Por outro lado, o esclarecimento solicitado pelo leitor traz um quê de “não é Mea culpa”, um contrassenso: se a lei de 2013, atrelada a inúmeras outras benesses urbanísticas que deram viabilidade ao campo, foi um ato positivo porque atribuir a responsabilidade a outrem? Indiretamente condena o ato.





Quanto às licenças eventualmente concedidas até 2008 - também mencionadas pelo leitor - infelizmente sabemos que nem sempre os atos administrativos são adequados. Além disso, o golfe volta agora a integrar as modalidades olímpicas depois de quase 100 anos, justo no Rio! A decisão é de outubro de 2009 quando o prefeito atual já estava no cargo. Melhor seria se tivesse esperado Tóquio!**.

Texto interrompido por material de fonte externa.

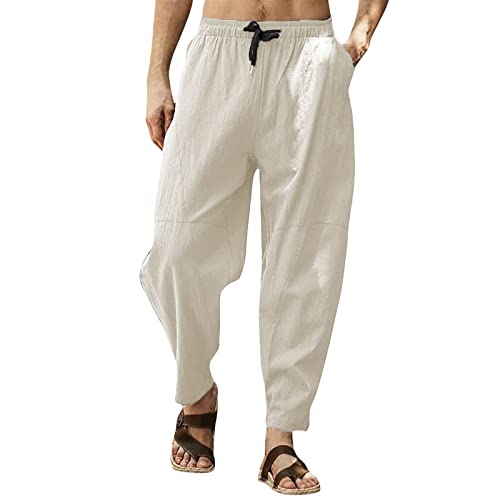 Men Casual Drape Wide-Leg Straight-Leg Long Pants Summer Loose Trousers  White | eBay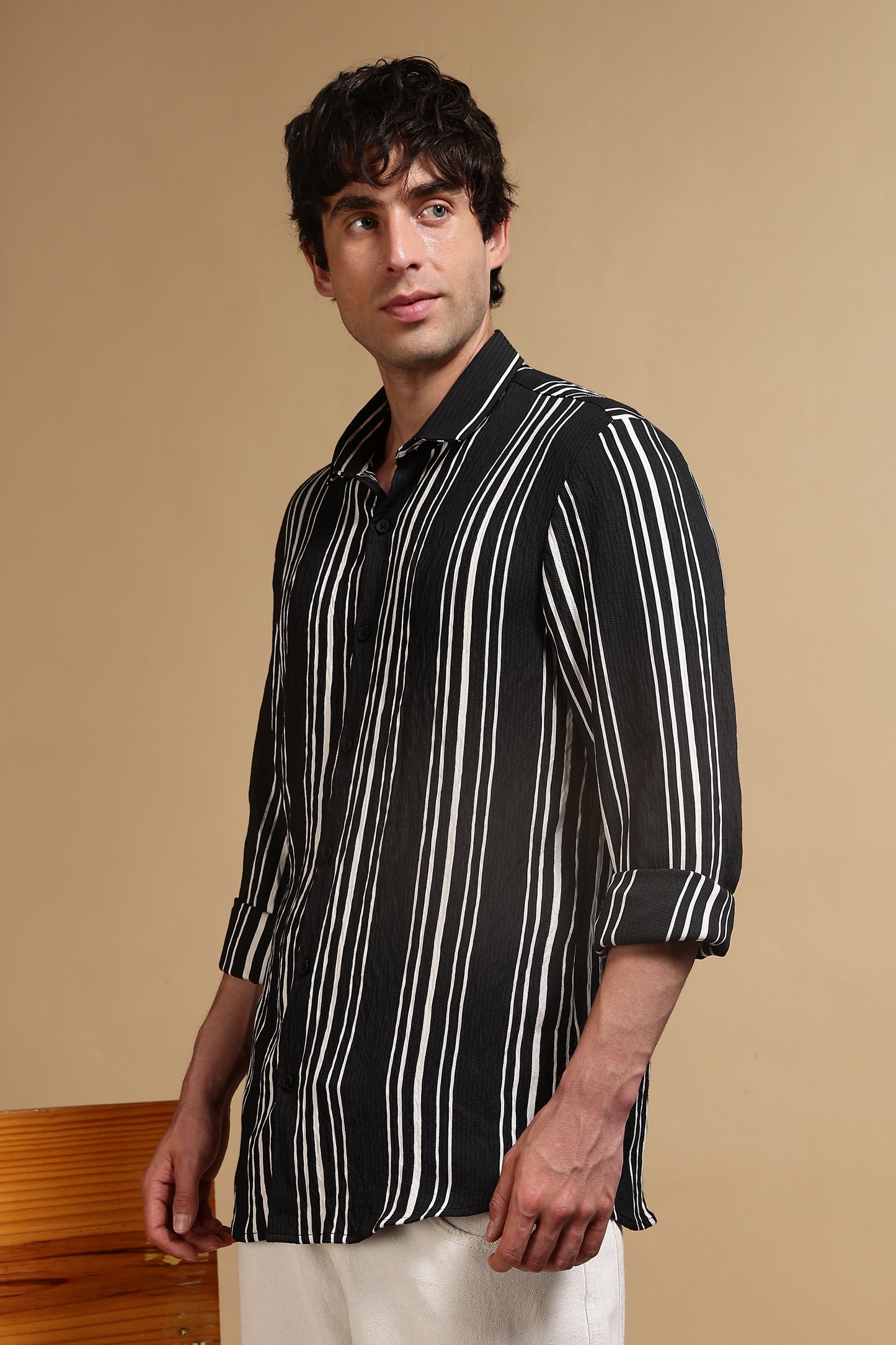 White & Black Slim Fit Striped Shirt Black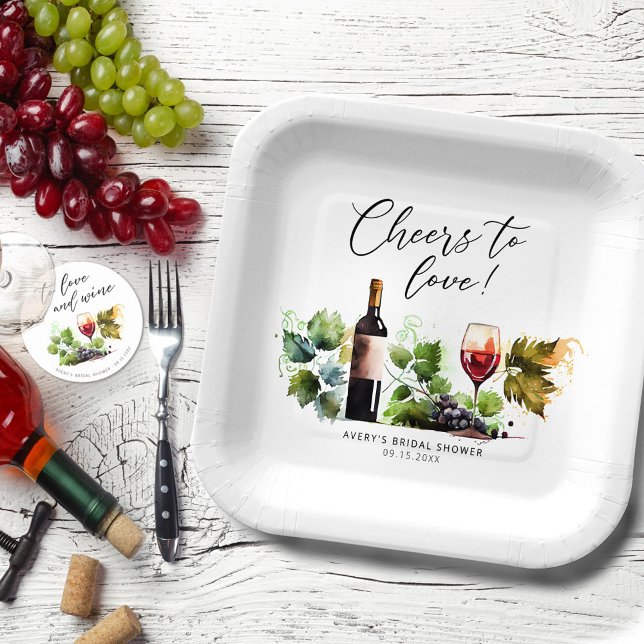 Assiettes En Carton Tchin Tchin à l'amour Vigne Aquarelle (Créateur téléchargé)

Neste link está um vídeo divulgado  de 20/12/2012 sobre o projeto de lei que mudou as condições de aproveitamento do terreno. O título é assustador: ‘Perdeu-se o pudor’. Como citado, a lei foi aprovada no início de janeiro/2013, logo a seguir, em tramitação relâmpago. Sem o PLC nº 113/2012 tornado Lei Complementar nº 125/2013, o campo jamais poderia existir naquele local.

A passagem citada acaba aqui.